Облако пара поднялось над цилиндрами. Она поджидала их в пугающем безмолвии.

— Боже, какая мерзость, — прошептал Джексон.

— Пошли, — сказал Хантон, — не том мы совсем раскиснем.

Они подошли ближе. Планка безопасности была опущена к лентам, ведущим внутрь.

Хантон положил на нее руку.

— Пора, Марк. Давай банку и говори, что делать.

— Но…

— Не спорь.

Джексон дал ему сумку, которую Хантон поставил на панель управления. Он достал Библию и вручил ее Джексону.

— Я начну читать, — сказал Джексон, — Когда дам знак, брызни пальцами святой воды на машину и произнеси: «Во имя Отца, и Сына, и Святого Духа, изыди, нечистый!» Понял?

— Да.

— Когда я дам знак второй раз, полей водой и еще раз скажи молитву.

— А как мы узнаем, если подействует?

— Увидишь. Эта тварь выбивает все окна в здании, которое покидает. Если не сработает в первый раз, будем повторять еще.

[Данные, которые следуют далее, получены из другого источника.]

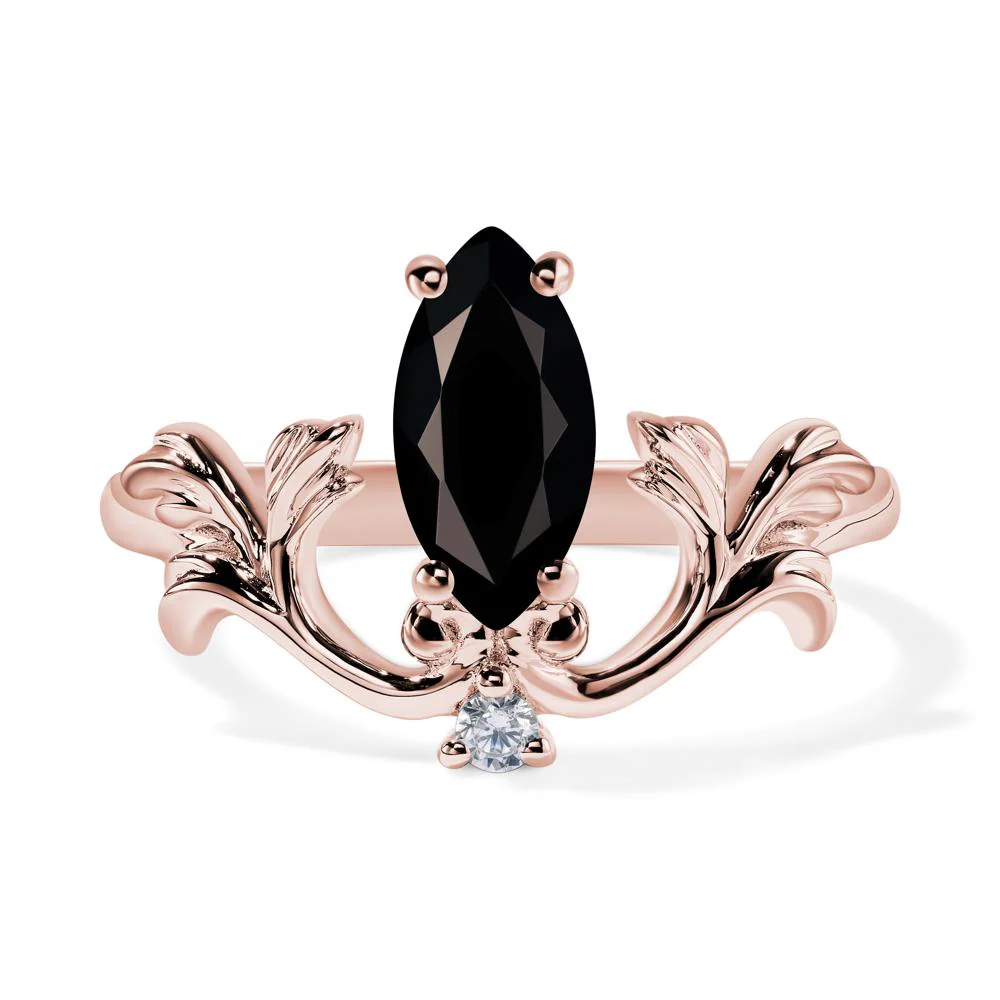 Marquise Cut Black Spinel Leaf Ring - Image 9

— Что-то мне страшно, — сказал Хантон.

— Это естественно. Мне тоже.

— Если мы ошиблись насчет славной руки…

— Мы не могли ошибиться, — сказал Джексон, — Начнем.

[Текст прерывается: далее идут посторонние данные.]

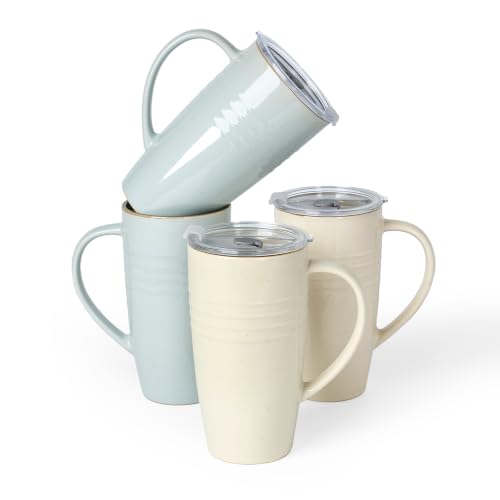 Jupiter Large Coffee Mug (Jupiter-Light Blue and Vanilla White / 4pcs)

Он начал читать. Голос его эхом отдавался в пустоте прачечной.

«Не молись идолам, и не твори себе богов. Я есть твой Господь и Бог…» — слова, как камни, падали в темноту машины, откуда внезапно пахнуло зябким, могильным холодом. Давилка стояла спокойно и молчаливо в синеватом свете, и Хантону казалось, что она издевается.

— «И земля изблюет тебя из недр своих, как изблевала племена, бывшие до тебя», — читал Джексон, лицо его напряглось, и он подал знак.

Хантон брызнул святой водой на ленты. Раздался внезапный жуткий скрежет терзаемого металла. Дымок пошел от брезента там, где на него попали капли. Давилка вдруг снова заработала.

— Действует! — прокричал Джексон сквозь нарастающий гул, — Зацепило!

Он начал читать снова, повышая голос из-за шума машины. Когда он снова дал знак, Хантон вылил воду. Тут его охватил внезапный, пробирающий до костей, ужас, ощущение, что он зря сделал это, что машина сильнее и просто играет с ними.

Голос Джексона становился все громче, достигнув предела.

В арке между моторами запрыгали голубые искры, воздух заполнил запах озона, похожий на запах теплой крови. Главный мотор дымился, давилка работала с ненормальной, бешеной скоростью; палец, прижатый к одной из лент, мог затянуть все тело в машину и за несколько секунд превратить его в кровавую кашу. Бетон у основания трясся и гудел.

Главный механизм озарился пурпурным светом, наполнив воздух дыханием грозы; давилка работала быстрее и быстрее; ленты, цилиндры и передачи двигались с такой скоростью, что казалось, они плавятся, перемещаются, преобразуются во что-то иное и невероятное.

Хантон, который стоял, как зачарованный, внезапно отшатнулся.

— Беги! — крикнул он сквозь невыносимый грохот.